In 2017 Fat Macy’s was selected as one of the two causes supported through our partnership with New College for the Humanities.

Young residents living in temporary accommodation find it increasingly difficult to save money to move on into independent living, due to the daily expense of hostel living and the income restrictions of the benefit system (and the benefits are needed to afford their hostel room). In 2016 Meg Doherty and Fred Andrews created the social enterprise Fat Macy's to help solve this problem.

Fat Macy’s serves delicious home cooked food at supper clubs, events and offices, while at the same time training and supporting young Londoners living in temporary accommodation and helping them move into their own homes. They provide a pathway from the hostel to a home, by providing a skill, a deposit for accommodation and hope.

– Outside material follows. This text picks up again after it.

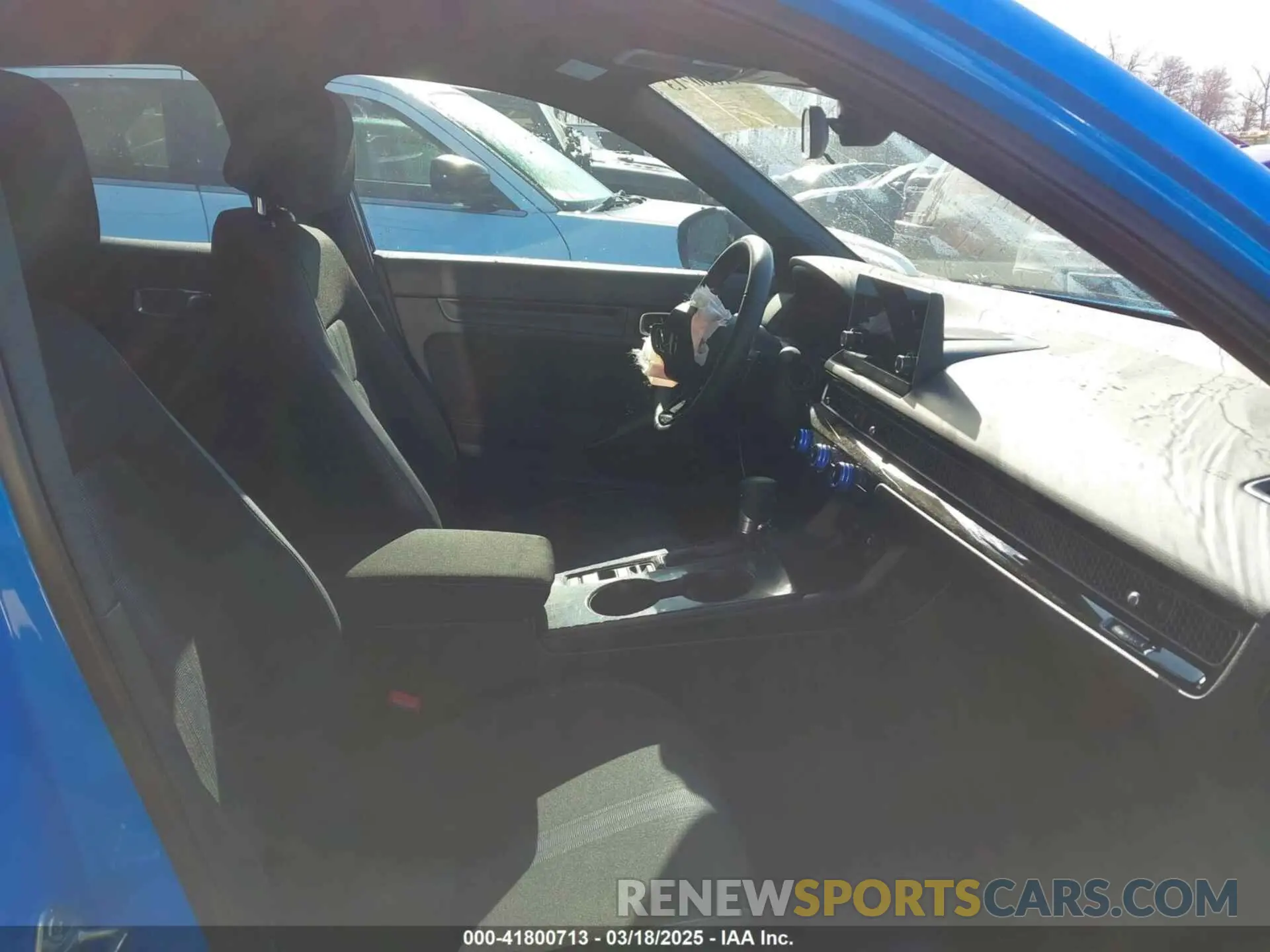 5 fotografías del automóvil dañado 19XFL2H89RE042016 HONDA CIVIC 2024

Fat Macys social enterprise supporting londons homeless 

The young residents participating in Fat Macy’s programme increase their personal savings while being trained in vital skills for independent living including: food hygiene, cooking, financial planning, curating and running events and practical work experience.

The Fat Macy’s method allows participants to make progressive steps in saving securely for their future in a way that works with the benefits regulations and YMCA policy. Fat Macy’s supports each resident as they learn new skills and save up for their rent deposit and they are ready to leave the programme when they have an employment contract and are able to pay their rent deposit.

Through the collaboration with New College for the Humanities six student groups overseen by Matthew Batstone, co-founder of the university, were given the tasks of helping Fat Macy’s to consider the viability of running a permanent café and generating ideas for helping them to increase the demand for their super clubs.

As a result of this work Fat Macy’s took on one of the NCH students as a summer intern, which then progressed into an ongoing role. And Fat Macy’s has successfully crowdfunded £55,000 to help them start a permanent café in Peckham.

Meg Doherty, founder of Fat Macy’s said, ‘Having Iona join our team after the NCH project was a huge bonus. She already had a deep understanding and appreciation for our work and has been able to take on an important business development role. She has helped us to share our impacts, find new grant opportunities, engage new press contacts and run a successful crowdfunding campaign’.

Marketing volunteer works with Fat Macys 

And Iona said, ‘I am still working with Fat Macy’s and am enjoying every second of it! From curating supper-clubs, to drafting the charity’s first Impact Report, I am constantly challenged and proud that I am part of such an innovative, self-sustaining and ethical organisation and team’.